Image-text web data -
▼▼▼

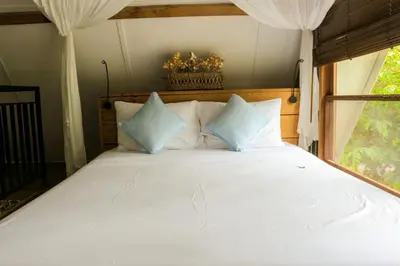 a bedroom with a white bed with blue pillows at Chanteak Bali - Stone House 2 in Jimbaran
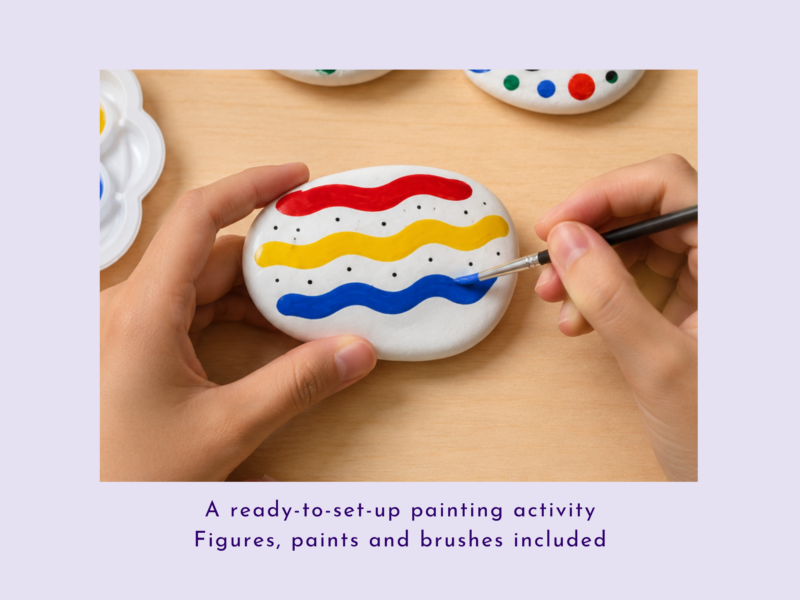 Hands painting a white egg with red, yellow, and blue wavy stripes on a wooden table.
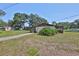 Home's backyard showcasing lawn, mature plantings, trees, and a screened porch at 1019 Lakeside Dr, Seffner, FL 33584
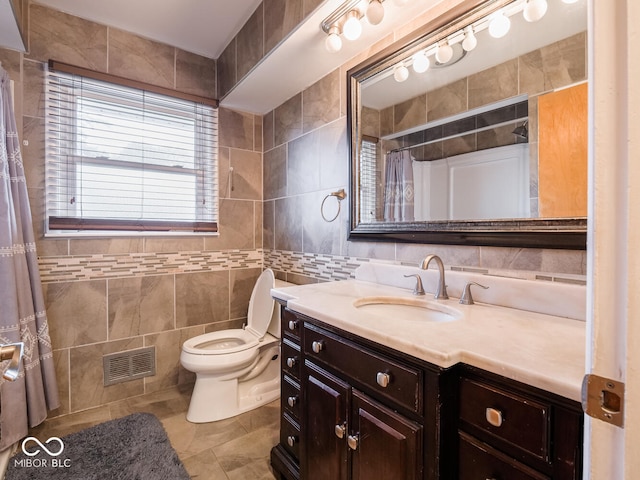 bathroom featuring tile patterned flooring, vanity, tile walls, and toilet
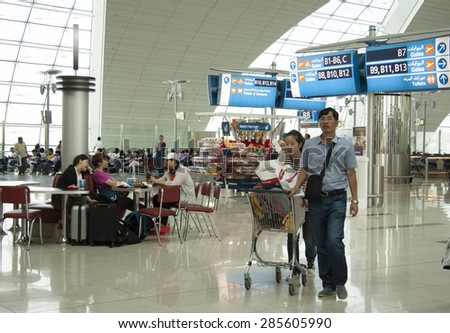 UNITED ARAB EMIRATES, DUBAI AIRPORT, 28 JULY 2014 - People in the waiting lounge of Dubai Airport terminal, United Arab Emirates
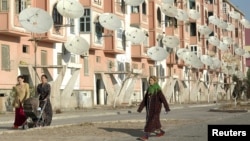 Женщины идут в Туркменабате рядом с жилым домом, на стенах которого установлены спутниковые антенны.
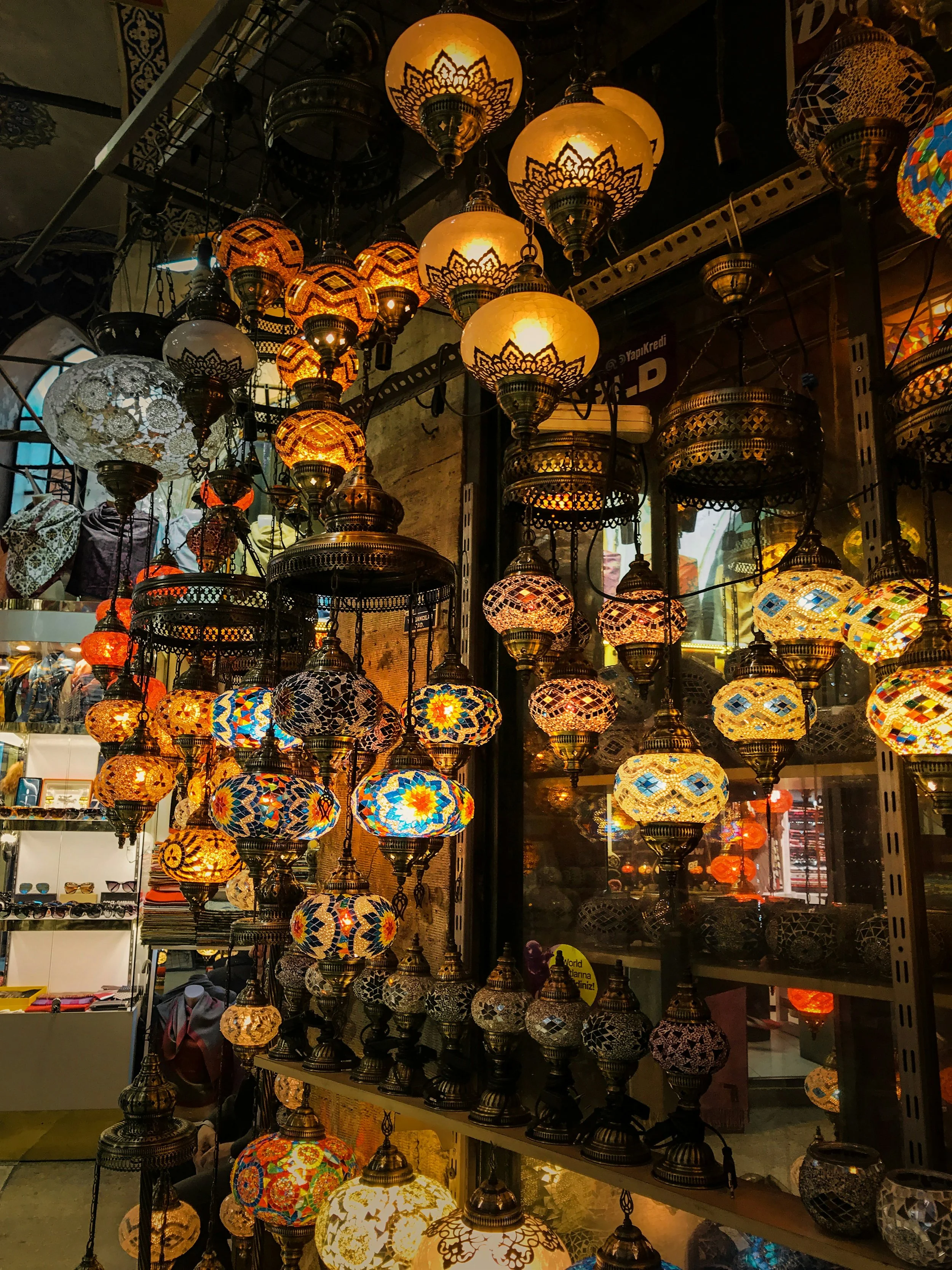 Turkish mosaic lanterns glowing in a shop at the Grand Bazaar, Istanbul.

▲▲▲

PROBLEM TO SOLVE -
Nothing should appear in the answer except the lines from the first line of the data through the line holding "UNITED ARAB EMIRATES, DUBAI", exactly as written, with pictures left out.

WRITTEN RESPONSE -
 a bedroom with a white bed with blue pillows at Chanteak Bali - Stone House 2 in Jimbaran
 Hands painting a white egg with red, yellow, and blue wavy stripes on a wooden table.
 Home's backyard showcasing lawn, mature plantings, trees, and a screened porch at 1019 Lakeside Dr, Seffner, FL 33584
 bathroom featuring tile patterned flooring, vanity, tile walls, and toilet
 UNITED ARAB EMIRATES, DUBAI AIRPORT, 28 JULY 2014 - People in the waiting lounge of Dubai Airport terminal, United Arab Emirates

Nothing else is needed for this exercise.